Mahayana Basics: An Overview of the Mahayana Buddhist Tradition

Tendai Buddhism is a Mahayana Buddhist tradition. Therefore, before covering the basics of the Tendai tradition, it may be useful to gain an understanding of Mahayana Buddhism itself.

At present, the Buddhist world is divided into two main branches: Theravada and Mahayana.

Theravada Buddhism is the dominant form of Buddhism in South and Southeast Asia (Sri Lanka, Burma, Thailand, Laos, Cambodia, and so on). Theravada Buddhists revere one Buddha, Shakyamuni Buddha, and recognize the Pali Canon as authoritative. Theravada Buddhists believe that the texts preserved in the Pali Canon represent the true original teachings of the historical Buddha.

Mahayana Buddhism is represented by two major geographical regions: the Tibetan-Himalayan sphere and the East Asian cultural sphere.

Tibetan Buddhism was highly influential in areas linked with the former-Tibetan Empire (now the Tibetan Autonomous Region of western China): Mongolia, parts of Central Asia, Nepal, Bhutan, and so on. In some cases, Chinese emperors also studied under Tibetan lamas (teachers). Classical Tibetan is the canonical language of Tibetan-Himalayan Buddhism. The Tibetan Canon contains within it Tibetan translations of Indian Buddhist texts, including the whole range of Mahayana and non-Mahayana sutra literature and tantric ritual manuals, as well as later Indian Buddhist commentarial literature as well.  

In the East Asian sphere, China was the dominant center of the Buddhist world. Buddhists in Japan, Korea, Vietnam, and Taiwan all developed their own Buddhist traditions in dialogue with the great thinkers of the Chinese Buddhist tradition. Classical Chinese is the canonical language of the East Asian cultural sphere. The Chinese canon contains the earliest datable Buddhist texts in existence, as the Indian originals were often lost due to harsh climate and war. Tendai Buddhism developed in the East Asian context, in part, as a system for coming to terms with the diversity of the Indian Buddhist literary and ritual texts that were making their way into East Asia.

Mahayana Buddhists revere the same texts as their Theravada cousins and engage in many of the same practices. However, the Mahayana tradition contains a broad range of practices, teachings, and texts generally not found in Theravada Buddhism. There are hundreds of scriptures and commentaries, and a vast pantheon of Buddhas, Bodhisattvas, gods, and so on, that might seem a little intimidating at first. But really, Mahayana Buddhism is quite simple. Mahayana means “Great Vehicle.” The Great Vehicle is “great” because all beings have a place in the Great Vehicle, just as all beings have a place in this vast universe.

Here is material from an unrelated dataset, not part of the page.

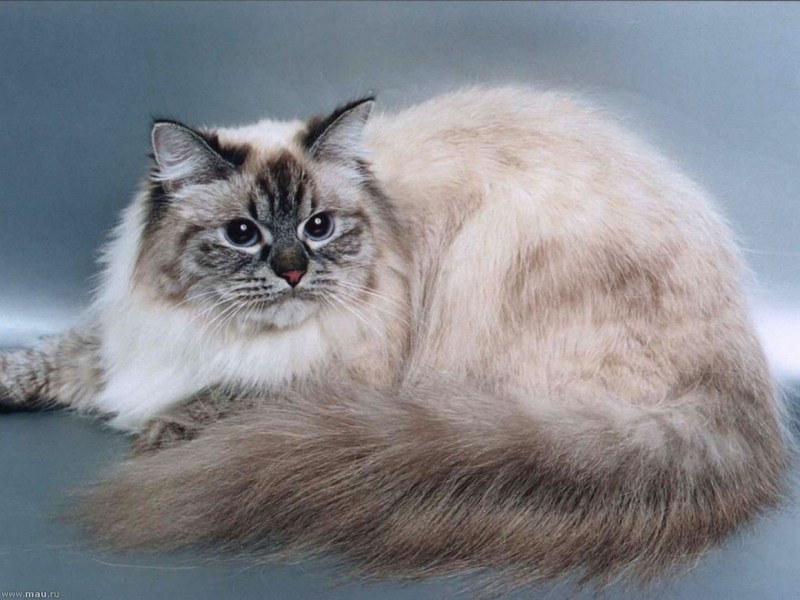 Невская маскарадная котята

We are all in this together.



The Buddha was a great teacher who taught many different things to many different people. As a result, from very early on, Buddhism became very diverse very quickly. Buddha used Upaya, or “skillful means,” to teach people in a way that was appropriate for them. Buddha meets you where you are. Upaya is the cornerstone of the Mahayana Buddhist tradition. The sutras, therefore, contain within them a variety of different approaches used by various people, in various place, at various times. The Buddha is often compared to a doctor who dispensed remedies based on the affliction of specific people at specific times. In this way, each teaching is true in a given context, but not necessarily true in a different context.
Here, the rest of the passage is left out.